> EXERCISE DETAILS: Everything in the data below except the pictures must be repeated word for word.

--------

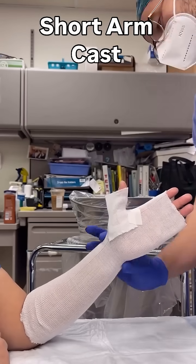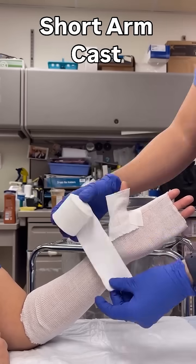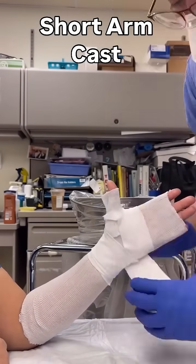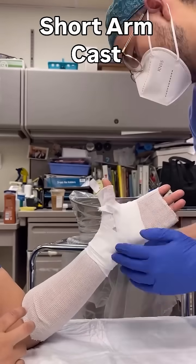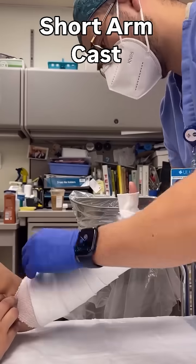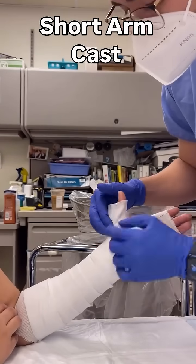When wrapping with the web roll, palpate the radial and ulnar styloid and wrap three times around it to keep the bony prominence well padded. Move to the hand and then down the forearm, and when you reach the proximal border, wrap three times more, as that will be where you will fold the edge of your cast.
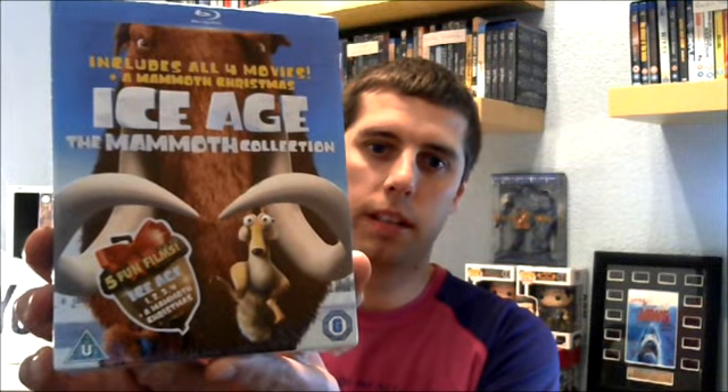Hi guys, Ben Parsons here on the Blu-ray Den channel. Today I'm going to do an unboxing. It's going to be an unboxing of a great franchise, a great animated franchise — one that I've loved for many years — and it's Ice Age: The Mammoth Collection.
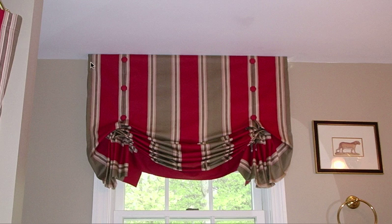A London shade is typically installed onto a board — a wood board going across the top — and it's usually attached by staples, then it falls down. This particular example is unique in that it's got the top portion of the shade tacked together and decorated with buttons, which is really quite snazzy. But you don't have to do that; you can leave it open, and if you do, it would give it a much more relaxed look.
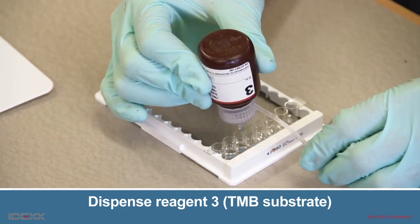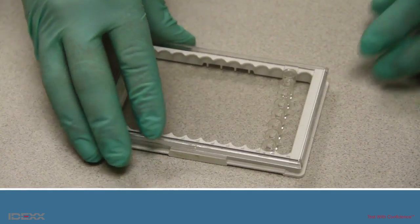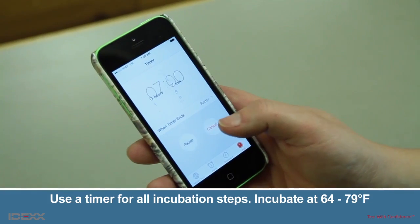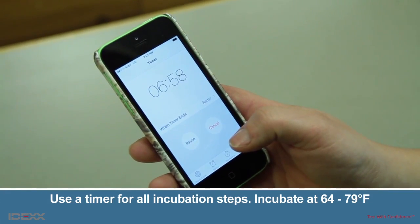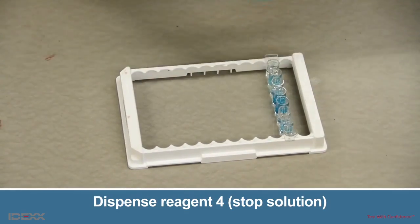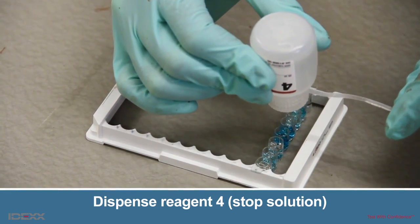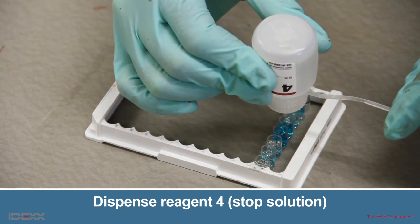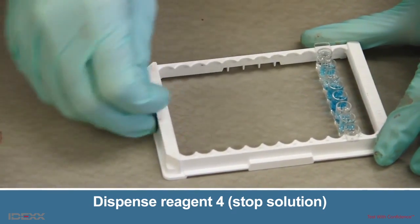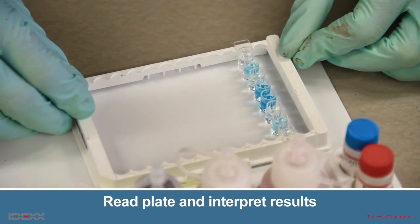Dispense three drops of Reagent 3 into each well. Cover the wells with the plate cover and gently tap the plate 10 times to mix. Start the timer and incubate the plate for seven minutes at 64 to 79 degrees Fahrenheit. After the seven minutes of incubation, do not wash the plate. Remove the cover and dispense three drops of Reagent 4 into each well, then gently tap the plate 10 times to mix. Place the plate on a white surface and take a visual reading.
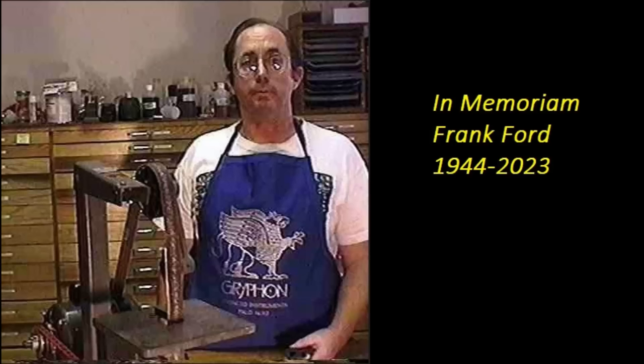Hey gang, to start off we have to pour one out for our homie Frank — mrfretz.com, Frank Ford — who passed away a few days ago. I discovered his website in 1998, which I think might have been the year he started it. Frank was not only a pioneer in repair techniques but also the progenitor of the idea that guitar repair information could be shared on the internet.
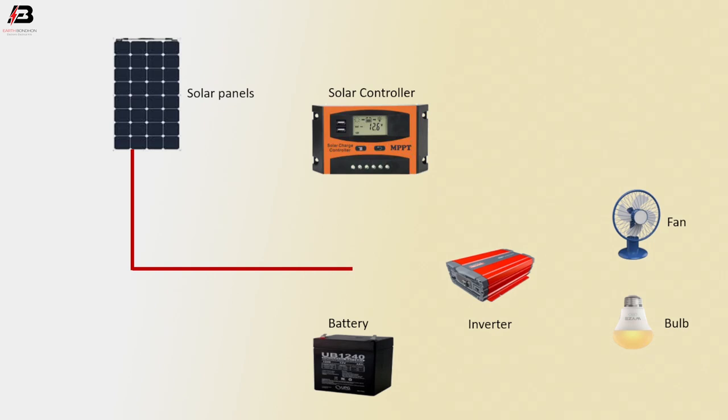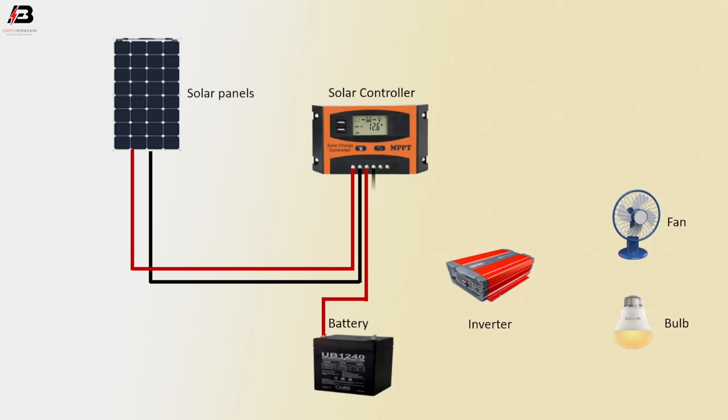Positive connection from solar panel to solar controller. Negative connection from solar panel to solar controller. Positive connection from solar controller to battery. Negative connection from controller to battery. Positive connection from solar controller to inverter. Negative connection from controller to inverter.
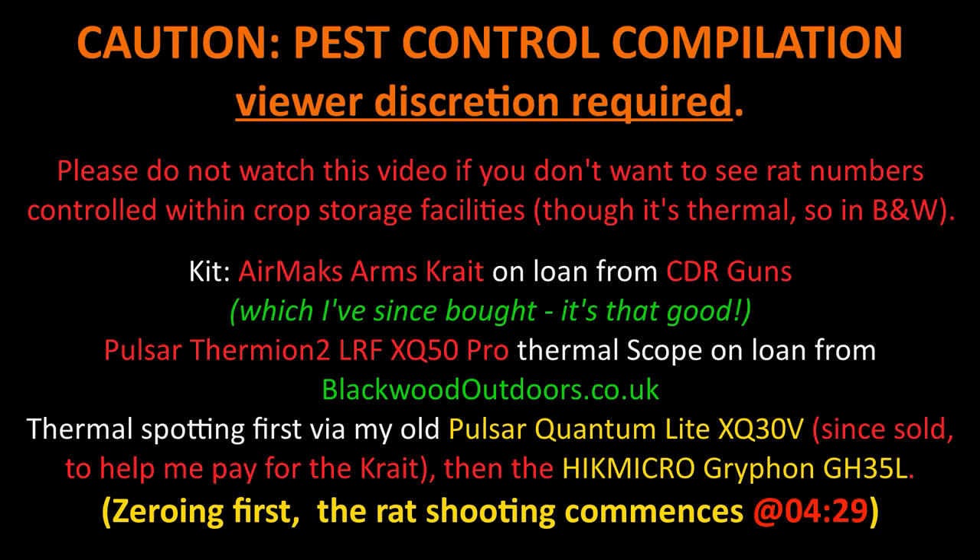This video is primarily rat shooting pest control to protect food stores, but first you'll see me zeroing the excellent high-end Pulsar Thermion 2 XQ50 Pro LRF. This scope is pretty brilliant, and one thing I discovered by accident is it managed to record all the zeroing — which is brilliant — because most scopes you cannot record while going through the menu changing reticles, changing zeros, etc. Evidently you can with this Pulsar, which helps me as a YouTuber.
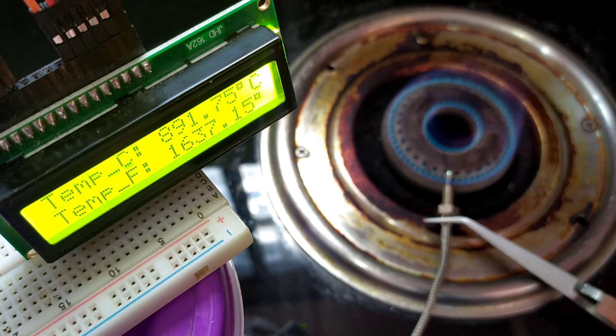The temperature is now increasing slowly compared to the previous period. It took 1 more minute to increase by 150 degrees Celsius. Finally, it reached 900 degrees Celsius after 3 minutes, and the sensor is working very fine.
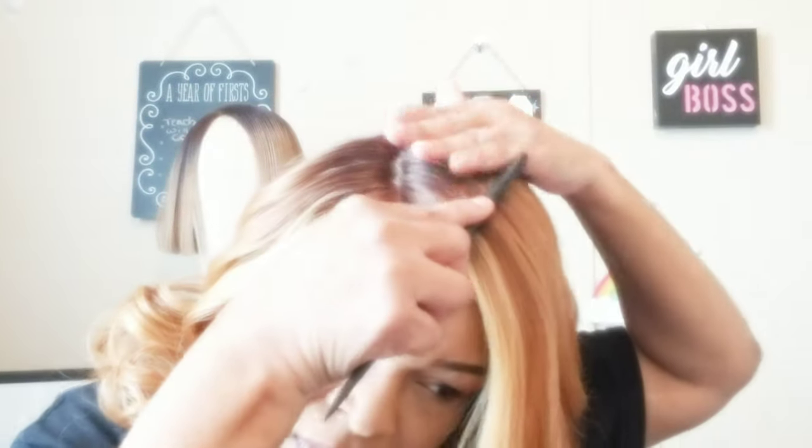I did not utilize the baby hairs — I just didn't think this unit needed it. To me it's like a little grown and sexy unit, so I just went without the baby hair. But of course you can do what you like with it.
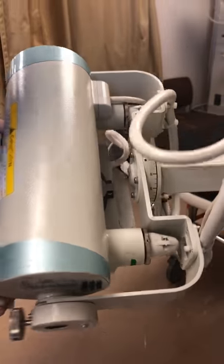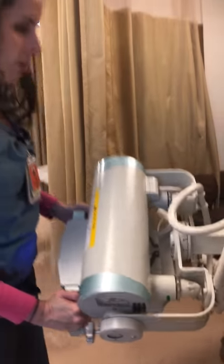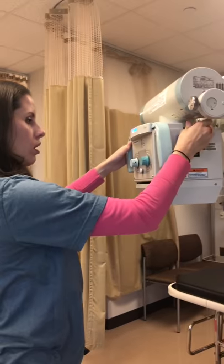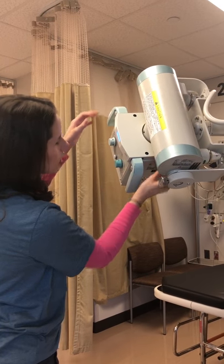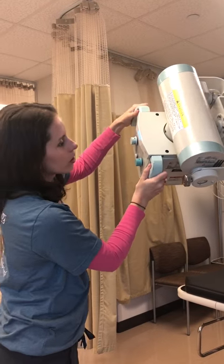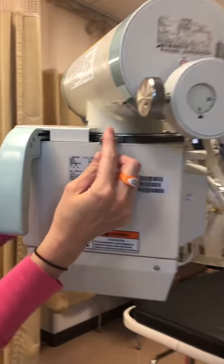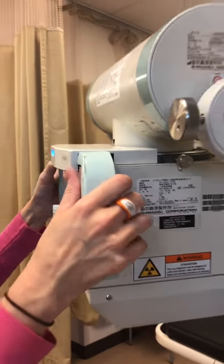This is actually the tube — the whole tube angulation itself. If you are taking an X-ray and you turn this and notice that it's just falling and not really staying, there are little screws right here that will actually tighten this up.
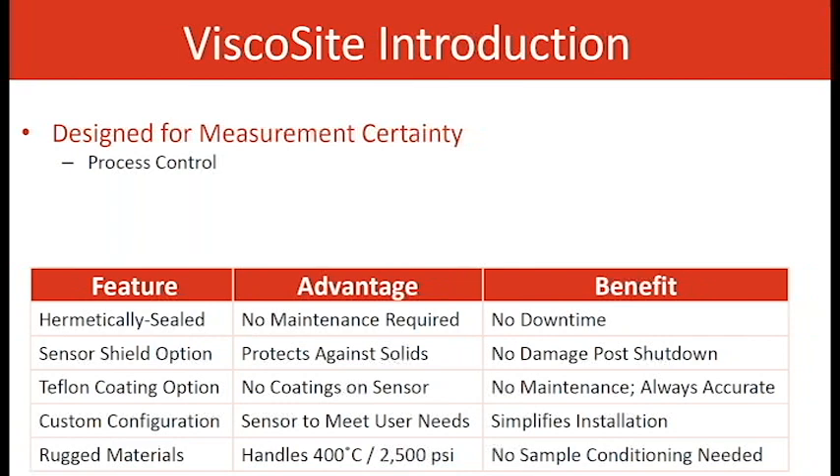Some of the features of this are hermetically sealed, which means it's welded, closed — no maintenance, no O-rings, no replacement parts. The benefit to that is no downtime. There is also a sensor shield to protect against solids going down the pipeline or in the tank, wherever it may be mounted — no damage, no time delay. Another feature is Teflon coating, which is needed in case of the material's propensity to stick to stainless steel. With the Teflon coating, it won't do that; however, you have to maintain certain temperatures for this to be effective.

--------

> WRITTEN REPLY:
When wrapping with the web roll, palpate the radial and ulnar styloid and wrap three times around it to keep the bony prominence well padded. Move to the hand and then down the forearm, and when you reach the proximal border, wrap three times more, as that will be where you will fold the edge of your cast.
Hi guys, Ben Parsons here on the Blu-ray Den channel. Today I'm going to do an unboxing. It's going to be an unboxing of a great franchise, a great animated franchise — one that I've loved for many years — and it's Ice Age: The Mammoth Collection.
A London shade is typically installed onto a board — a wood board going across the top — and it's usually attached by staples, then it falls down. This particular example is unique in that it's got the top portion of the shade tacked together and decorated with buttons, which is really quite snazzy. But you don't have to do that; you can leave it open, and if you do, it would give it a much more relaxed look.
Dispense three drops of Reagent 3 into each well. Cover the wells with the plate cover and gently tap the plate 10 times to mix. Start the timer and incubate the plate for seven minutes at 64 to 79 degrees Fahrenheit. After the seven minutes of incubation, do not wash the plate. Remove the cover and dispense three drops of Reagent 4 into each well, then gently tap the plate 10 times to mix. Place the plate on a white surface and take a visual reading.
Hey gang, to start off we have to pour one out for our homie Frank — mrfretz.com, Frank Ford — who passed away a few days ago. I discovered his website in 1998, which I think might have been the year he started it. Frank was not only a pioneer in repair techniques but also the progenitor of the idea that guitar repair information could be shared on the internet.
Positive connection from solar panel to solar controller. Negative connection from solar panel to solar controller. Positive connection from solar controller to battery. Negative connection from controller to battery. Positive connection from solar controller to inverter. Negative connection from controller to inverter.
This video is primarily rat shooting pest control to protect food stores, but first you'll see me zeroing the excellent high-end Pulsar Thermion 2 XQ50 Pro LRF. This scope is pretty brilliant, and one thing I discovered by accident is it managed to record all the zeroing — which is brilliant — because most scopes you cannot record while going through the menu changing reticles, changing zeros, etc. Evidently you can with this Pulsar, which helps me as a YouTuber.
The temperature is now increasing slowly compared to the previous period. It took 1 more minute to increase by 150 degrees Celsius. Finally, it reached 900 degrees Celsius after 3 minutes, and the sensor is working very fine.
I did not utilize the baby hairs — I just didn't think this unit needed it. To me it's like a little grown and sexy unit, so I just went without the baby hair. But of course you can do what you like with it.
This is actually the tube — the whole tube angulation itself. If you are taking an X-ray and you turn this and notice that it's just falling and not really staying, there are little screws right here that will actually tighten this up.
Some of the features of this are hermetically sealed, which means it's welded, closed — no maintenance, no O-rings, no replacement parts. The benefit to that is no downtime. There is also a sensor shield to protect against solids going down the pipeline or in the tank, wherever it may be mounted — no damage, no time delay. Another feature is Teflon coating, which is needed in case of the material's propensity to stick to stainless steel. With the Teflon coating, it won't do that; however, you have to maintain certain temperatures for this to be effective.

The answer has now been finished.